Case Analysis Jim McComas

Book Review of Case Analysis by Jonathan Rapping in the Champion (April 2012)

Cases are won and lost long before trials begin. A lawyer begins earning a not guilty verdict the moment the lawyer takes the case. The ability to perform well is intricately connected to the process of Case Analysis. It is an art that author James McComas honed as a public defender. Through this book, he passes this critical methodology on to each reader.

Far too often, the quality of a lawyer is measured by the lawyer’s ability to very quickly identify winning cases and to effectively "shoot from the hip" in the courtroom. Some defenders brag that they can differentiate winning cases from losers simply by reading the police report, viewing this as a positive skill nurtured through experience. Others have boasted of being able to pick up a file and try the case the next day, as if this "ability" is the hallmark of a true trial jock.
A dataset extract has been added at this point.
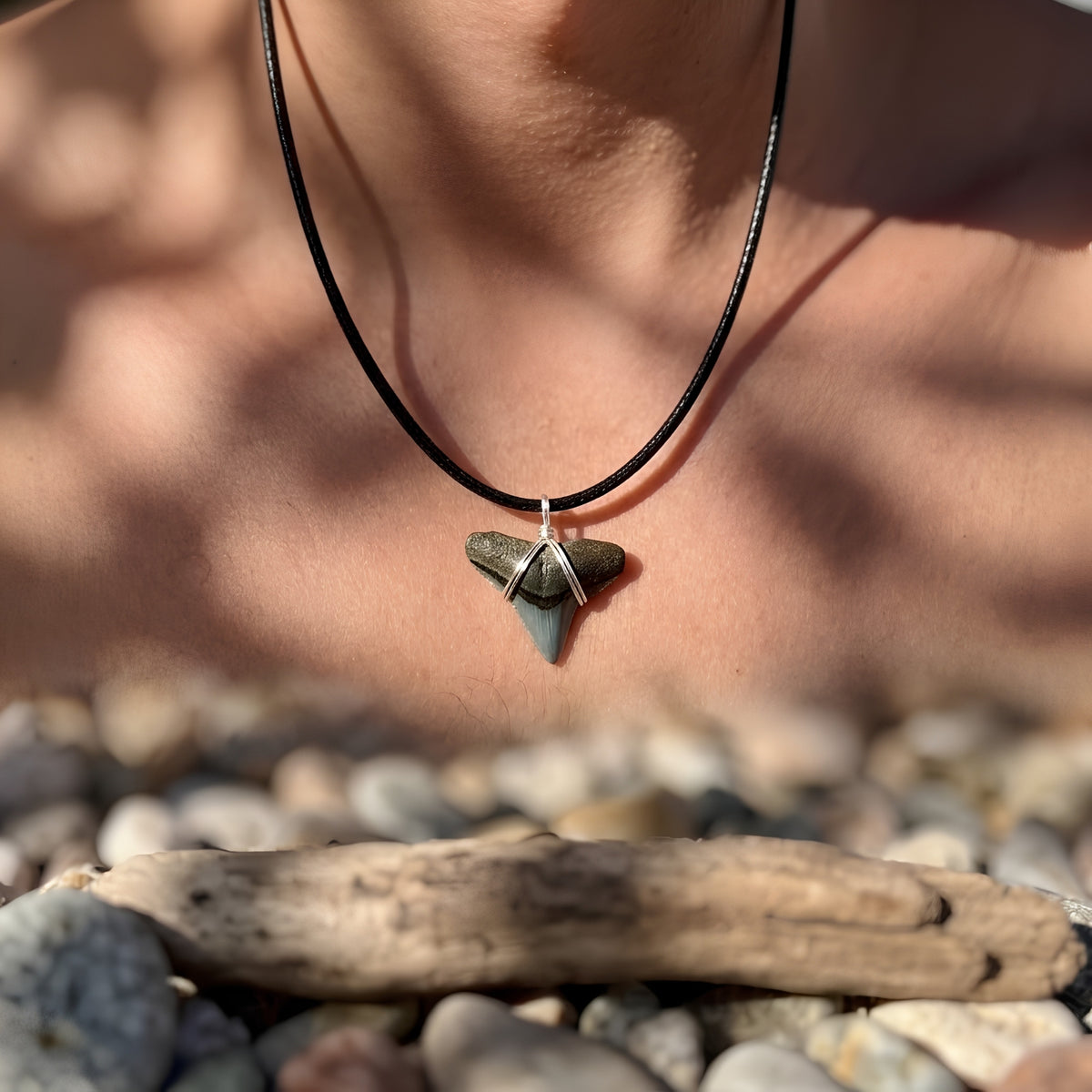 Shark Tooth Necklace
However, assessing the likelihood of success without putting in the work required to accurately make that prediction, and overreliance on the degree to which true trial skill is responsible for winning cases, impeded many of us from maximizing our changes of success.

In Case Analysis, James McComas warns against thinking like a lawyer and urges us to remember that our clients’ fates lie in the hands of jurors. Jurors are laypeople who employ common sense shaped by the world around them. Jurors are moved by facts and feelings, not by law. When we understand this lesson, we can begin to identify those facts and perceptions that most move jurors. Our ability to identify these “outcomes levers,” as McComas calls them, is the first step towards a successful trial strategy. They are often not immediately apparent in the always lacking narrative of the police reports. We must discover them through investigation, discovery, and pretrial litigation. Our ability to analyze how these outcome levers will impact juror is the next step, essential to incorporating them into the most viable defense theory. The ability to maximize the impact of these outcome levers that support the theory of innocence — and to minimize those that help the opponent — is the final step. McComas teaches that this is done through motions strategy, voir dire, opening statements, cross-examinations, direct examination, jury instructions, and closing arguments.

The Case Analysis method depends on trial preparation for its success. It teaches that the best trial lawyers must also be wonderful investigators, must excel at pretrial litigation, and must develop a creative and aggressive discovery practice. The lawyer who files boilerplate motions, engages in routine discovery, relies solely on standard jury instructions, or fails to direct the investigative process will miss opportunities to identify and develop outcome levers. When the lawyer who excels in all preparation and trial areas applies the Case Analysis method, the lawyer’s power to move a jury is unparalleled.

McComas came to understand these lessons early in his career as a public defender. He passed these lessons down to the lawyers he trained. This book will change the way a lawyer approaches representation. McComas reminds us that we can be outspent, but never outworked or outthought. He gives us a process through which we can find a way to win that hard case.